Goal of the exercise | Please output the listing exactly as it stands, but omit any images.

Supplied information |

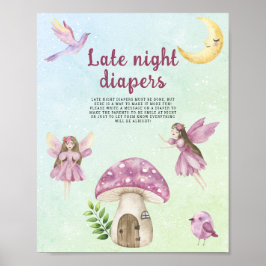 Fairy baby shower Late night diapers game ポスター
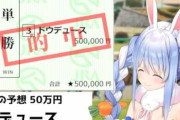 【祝】ホロライブ・兎田ぺこら、「G1・ジャパンC」で100万円てにいれるｗｗｗｗｗｗｗｗｗｗｗｗ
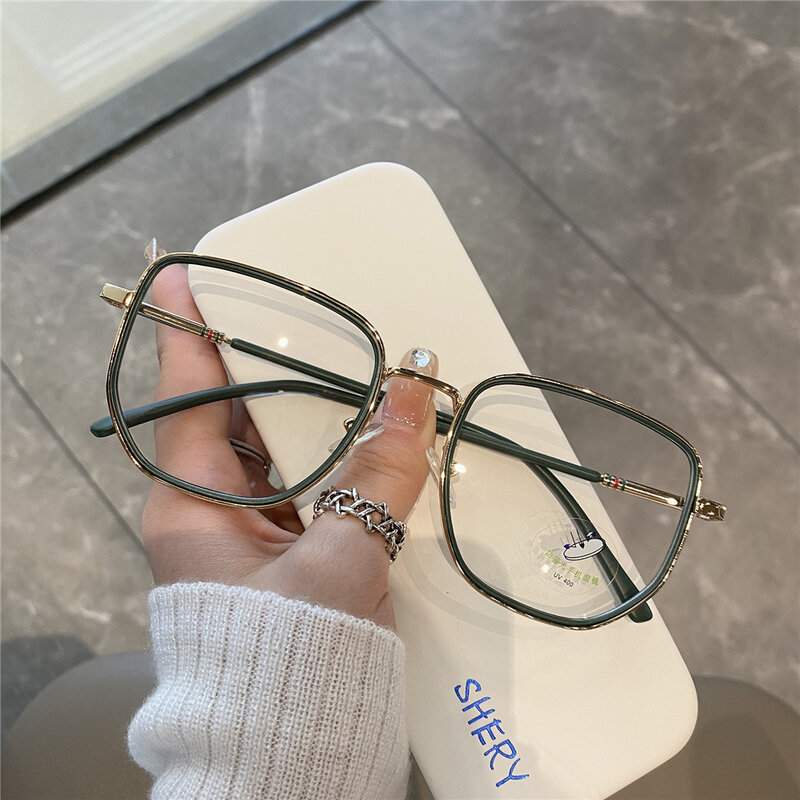 2023 Fashion Unisex Square Plain Glasses For Men Women Pc Frame Glasses For Party Eyeglasses Gentle Exaggeration Frame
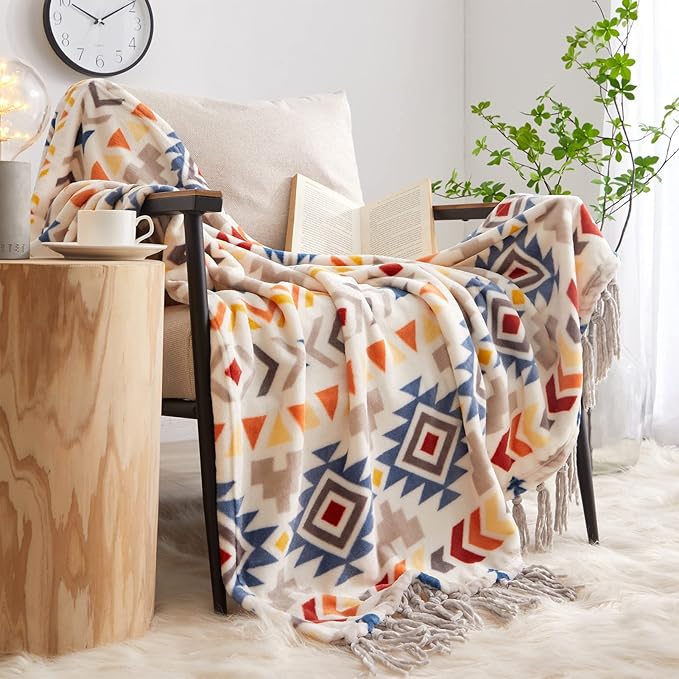 CASAAGUSTO Boho Throw Blanket - Colorful Decorative Blankets with Tassel, Printed Flannel Bohemian Blanket for Chair, Bed, Sofa, Couch(60 * 80, Colorful)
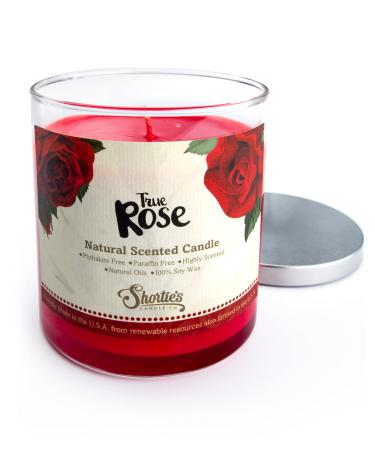 True Rose Scented Natural Soy Candle Essential Fragrance Oils 100% Soy Phthalate & Paraben Free Clean Burning 9 Oz.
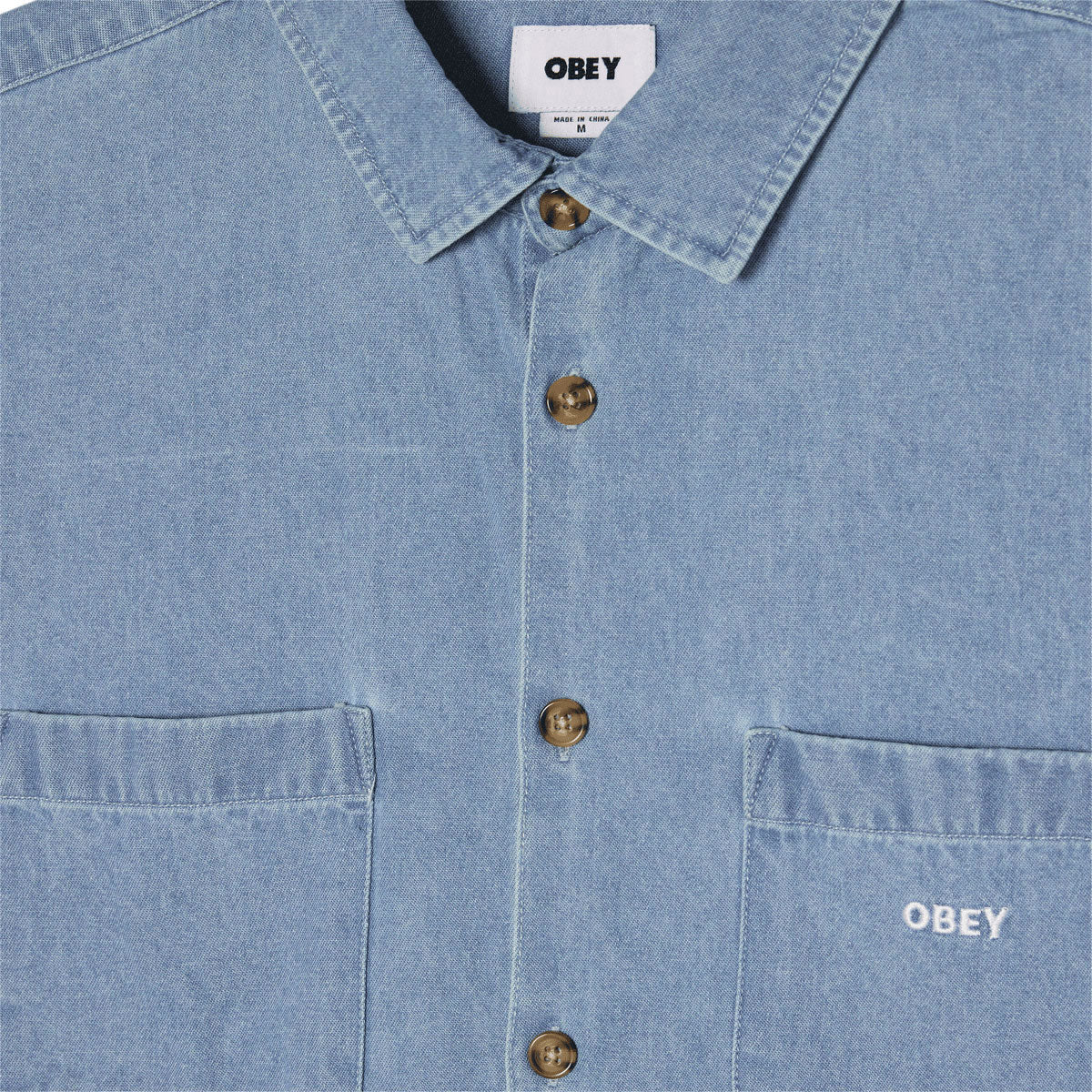Obey Charlie Denim Long Sleeve Woven Shirt - Light Indigo image 3
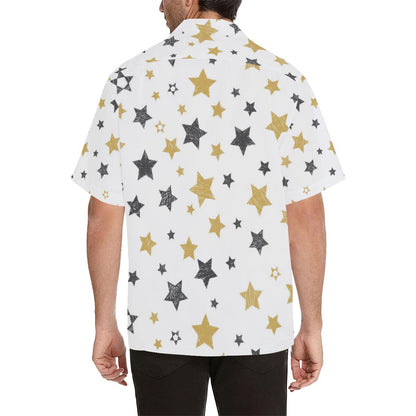 Hand Drawn Gold Black Star Pattern Mens All Over Print Hawaiian Shirt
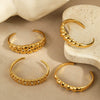 Bracelet Titanium Steel Geometric Spiral Design 18K Gold Plated
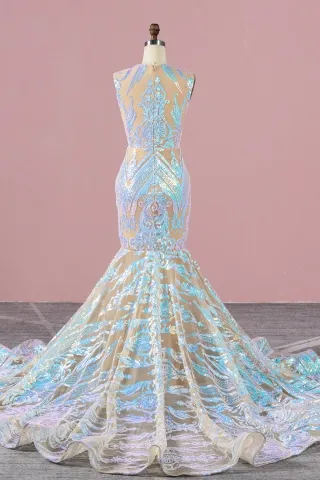 iridescent blue pink unique geometric pattern sequin illusion sheer mermaid long prom dress
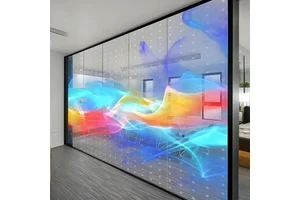 Self-adhesive Led Transparent Film Shop Windows Facades Led Glass Film Curved Format Supported Transparent LED Film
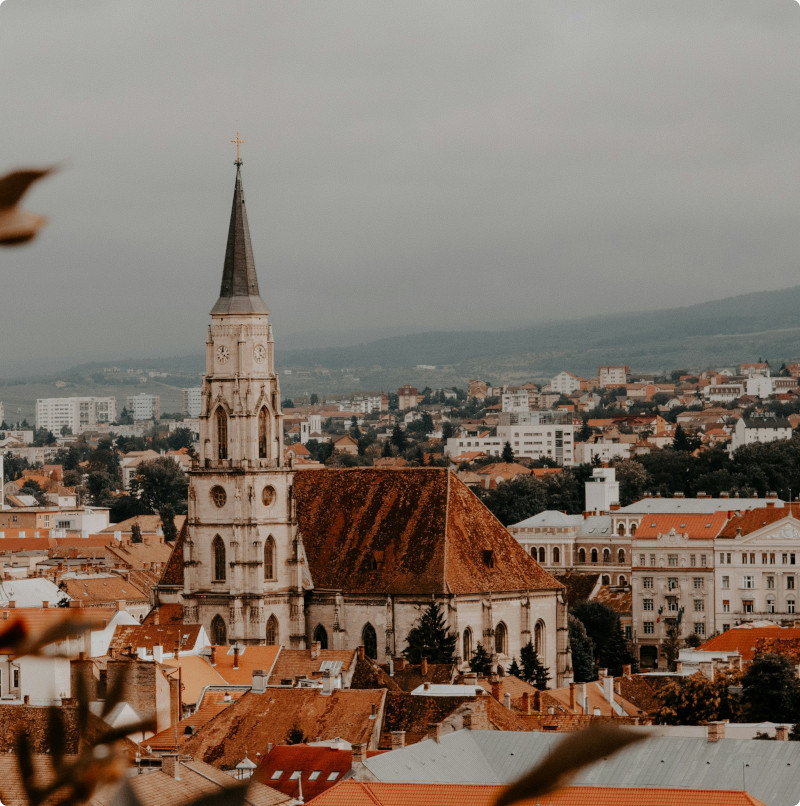 Unirii Square and St. Michael's Church in Cluj-Napoca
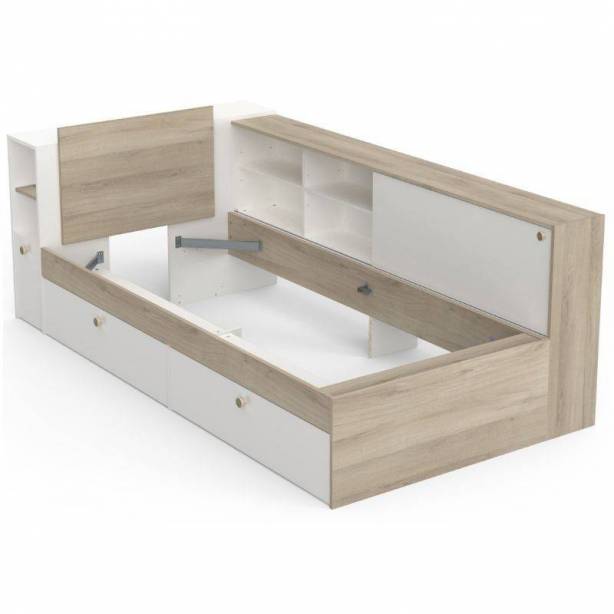 Cama Juvenil Melamina Blanco - Madera claro 229x88x119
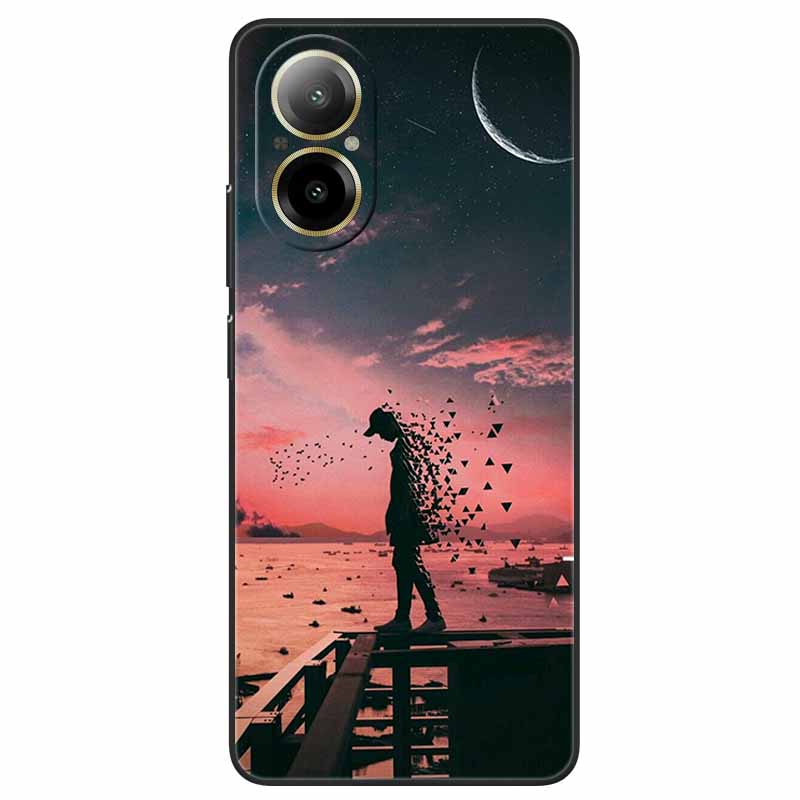For Realme C67 4G Case Animals Painted Black TPU Silicone Soft Bumpers for RealmeC67 4G C 67 RMX3890 Phone Covers Wolf Cool Bags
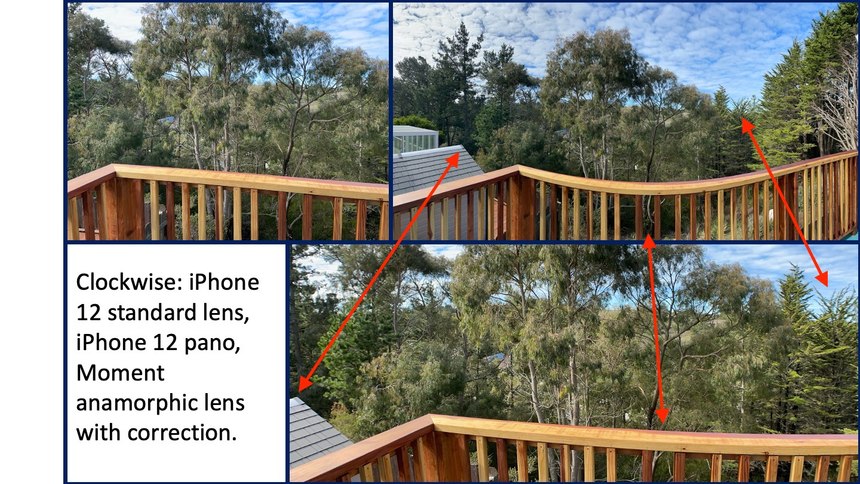 Figure 2: An anamorphic lens can capture an image about 75% as wide as the iPhone’s built-in panorama function but with much less distortion.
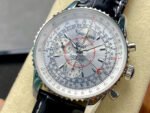BLS Factory Breitling Montbrillant Datora A2133012 G518 43mm Steel Leather Strap Silver Dial - Image 3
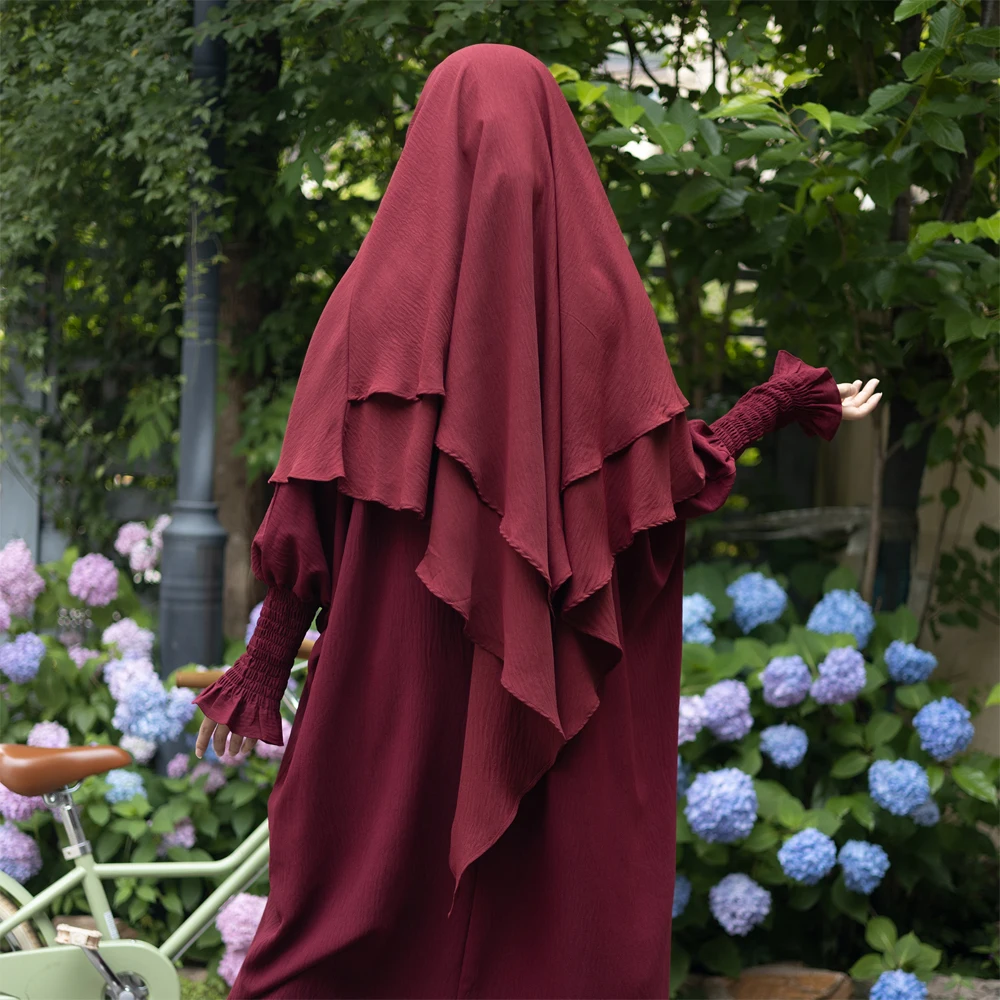 Khimar Hijab Back Two Layers Islamic Veil for Women Dubai Turkey Headscarf Muslim Scarf Shawl Prayer Clothes Ramadan (No Dress)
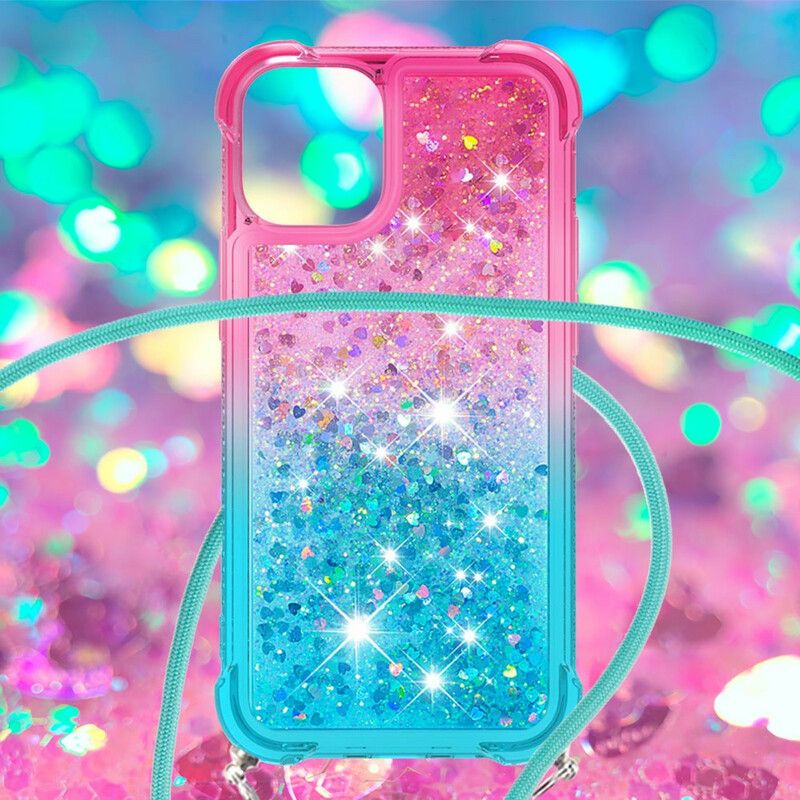 Coque iPhone 13 Pro Max Silicone Paillettes Et Cordon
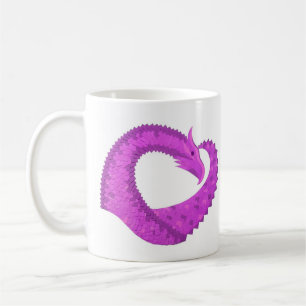Taza De Café Dragón cardíaco púrpura brillante en blanco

Solution to the problem |
 Fairy baby shower Late night diapers game ポスター
 【祝】ホロライブ・兎田ぺこら、「G1・ジャパンC」で100万円てにいれるｗｗｗｗｗｗｗｗｗｗｗｗ
 2023 Fashion Unisex Square Plain Glasses For Men Women Pc Frame Glasses For Party Eyeglasses Gentle Exaggeration Frame
 CASAAGUSTO Boho Throw Blanket - Colorful Decorative Blankets with Tassel, Printed Flannel Bohemian Blanket for Chair, Bed, Sofa, Couch(60 * 80, Colorful)
 True Rose Scented Natural Soy Candle Essential Fragrance Oils 100% Soy Phthalate & Paraben Free Clean Burning 9 Oz.
Obey Charlie Denim Long Sleeve Woven Shirt - Light Indigo image 3
 Hand Drawn Gold Black Star Pattern Mens All Over Print Hawaiian Shirt
 Bracelet Titanium Steel Geometric Spiral Design 18K Gold Plated
 iridescent blue pink unique geometric pattern sequin illusion sheer mermaid long prom dress
 Self-adhesive Led Transparent Film Shop Windows Facades Led Glass Film Curved Format Supported Transparent LED Film
 Unirii Square and St. Michael's Church in Cluj-Napoca
 Cama Juvenil Melamina Blanco - Madera claro 229x88x119
For Realme C67 4G Case Animals Painted Black TPU Silicone Soft Bumpers for RealmeC67 4G C 67 RMX3890 Phone Covers Wolf Cool Bags
 Figure 2: An anamorphic lens can capture an image about 75% as wide as the iPhone’s built-in panorama function but with much less distortion.
BLS Factory Breitling Montbrillant Datora A2133012 G518 43mm Steel Leather Strap Silver Dial - Image 3
 Khimar Hijab Back Two Layers Islamic Veil for Women Dubai Turkey Headscarf Muslim Scarf Shawl Prayer Clothes Ramadan (No Dress)
 Coque iPhone 13 Pro Max Silicone Paillettes Et Cordon
Taza De Café Dragón cardíaco púrpura brillante en blanco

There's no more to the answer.